- Source information -
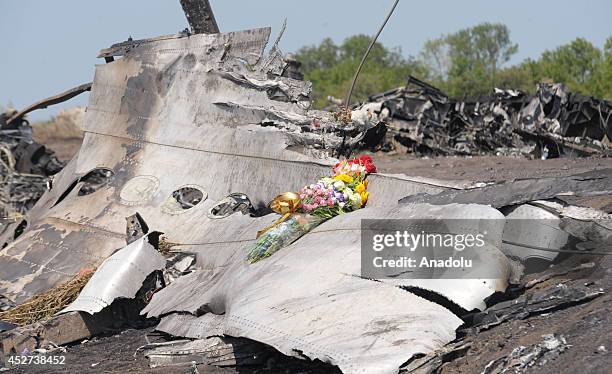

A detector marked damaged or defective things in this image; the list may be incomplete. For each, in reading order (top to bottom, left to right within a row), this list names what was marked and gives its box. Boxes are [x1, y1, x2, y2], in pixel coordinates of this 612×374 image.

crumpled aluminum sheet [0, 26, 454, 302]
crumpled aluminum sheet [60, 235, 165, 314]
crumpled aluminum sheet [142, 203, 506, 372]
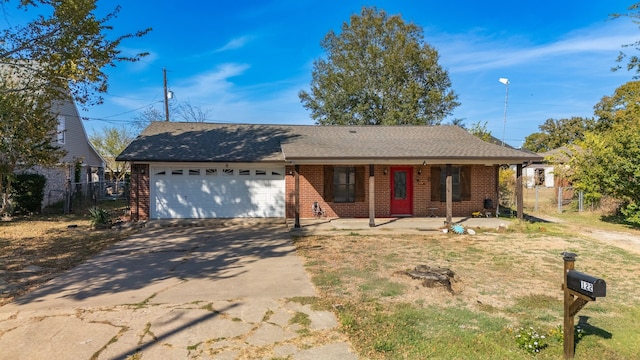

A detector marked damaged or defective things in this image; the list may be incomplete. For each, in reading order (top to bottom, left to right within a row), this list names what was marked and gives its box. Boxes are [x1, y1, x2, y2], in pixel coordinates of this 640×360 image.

* * *

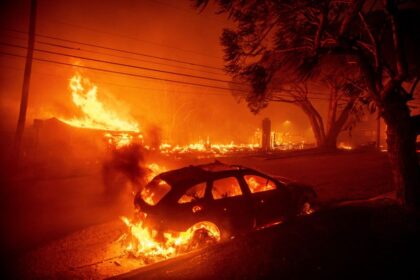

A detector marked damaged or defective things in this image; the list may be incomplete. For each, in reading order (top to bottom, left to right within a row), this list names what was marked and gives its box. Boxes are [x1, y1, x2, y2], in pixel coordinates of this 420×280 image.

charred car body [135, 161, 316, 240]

* * *

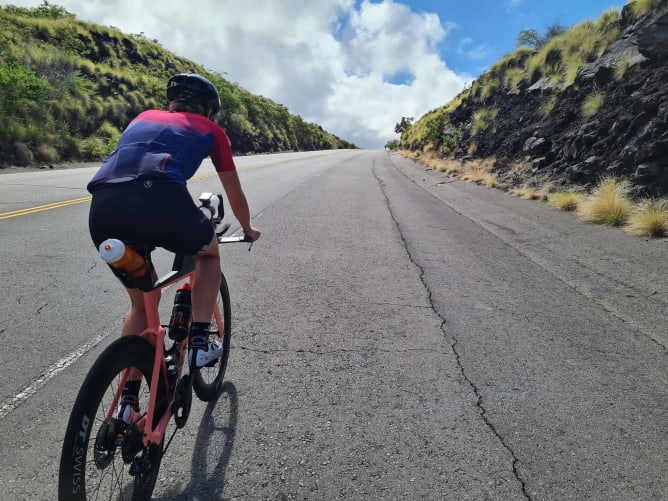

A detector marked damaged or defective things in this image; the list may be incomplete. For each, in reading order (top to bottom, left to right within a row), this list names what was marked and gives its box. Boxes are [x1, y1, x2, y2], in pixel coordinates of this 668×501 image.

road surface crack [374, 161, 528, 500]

- What you will do -
Print the line above containing "this 612×374 image.", the line containing "this 640×360 image.", and everything between them, exactly as written. Pictures stay out.

- Result of the task -
A detector marked damaged or defective things in this image; the list may be incomplete. For each, in reading order (top to bottom, left to right within a row), this list names what was marked and gives its box. Boxes are [x1, y1, x2, y2], in pixel coordinates of this 612×374 image.

crumpled aluminum sheet [0, 26, 454, 302]
crumpled aluminum sheet [60, 235, 165, 314]
crumpled aluminum sheet [142, 203, 506, 372]

A detector marked damaged or defective things in this image; the list may be incomplete. For each, in reading order (top to bottom, left to right within a row), this list names what was marked and gives its box. Boxes are [x1, y1, x2, y2], in pixel coordinates of this 640×360 image.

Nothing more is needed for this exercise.